** Opening DATASET SECTION block **

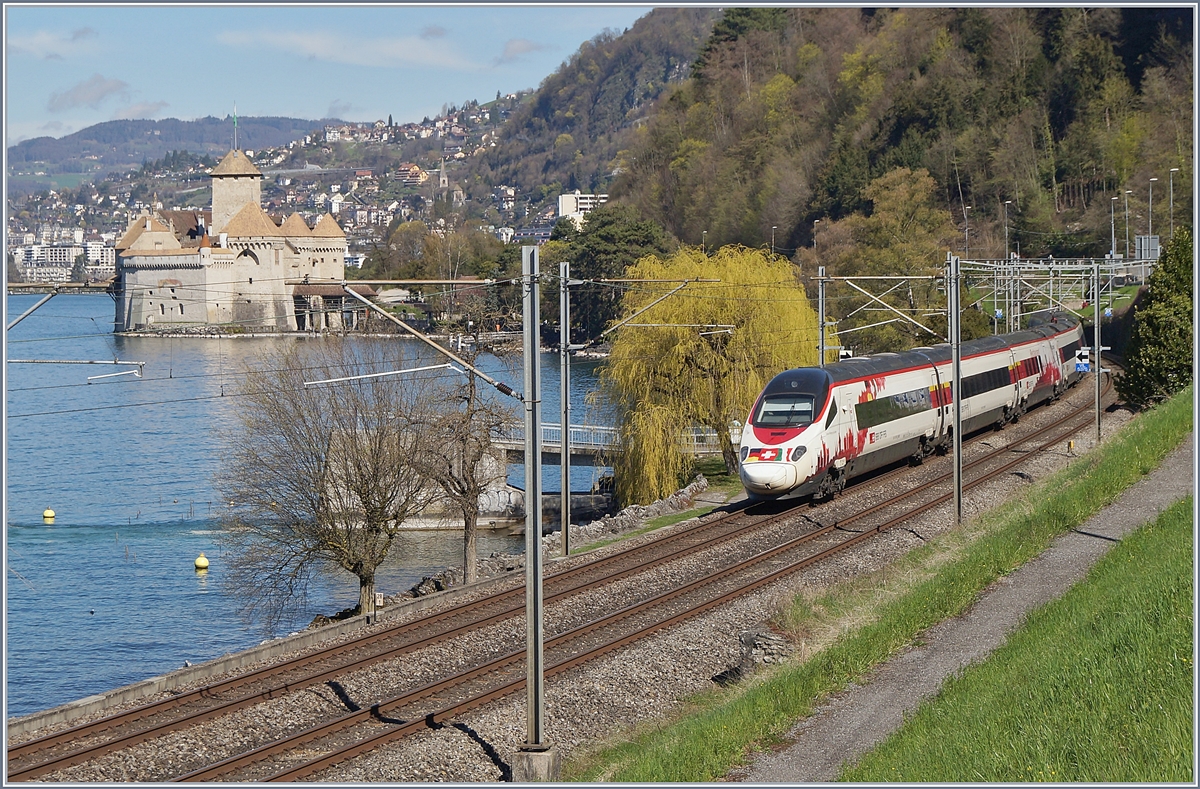 Der SBB RABe 503 022-7 als EC nach Genève beim Château de Chillon.
13. April 2018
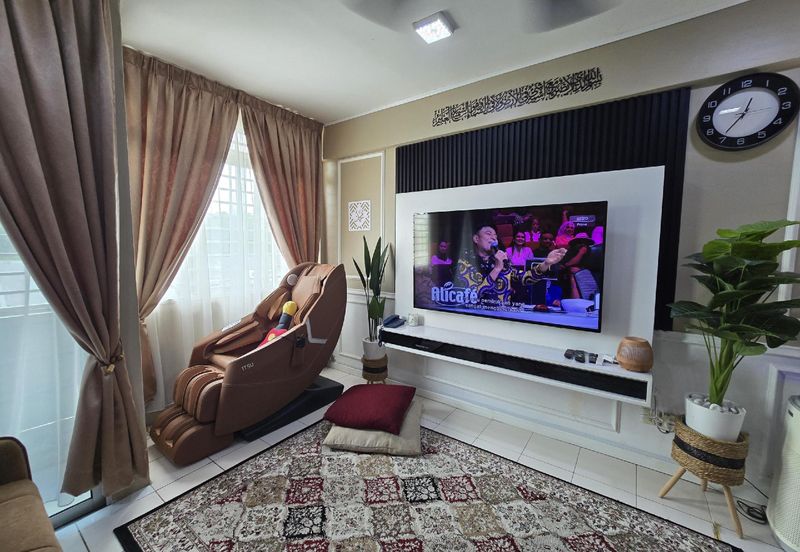 Apartment Taman Topaz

** Closing DATASET SECTION block **

=== WORK TASK ===
Output all the data, exactly, without images.

=== THE COMPLETED TASK ===
 Der SBB RABe 503 022-7 als EC nach Genève beim Château de Chillon.
13. April 2018
 Apartment Taman Topaz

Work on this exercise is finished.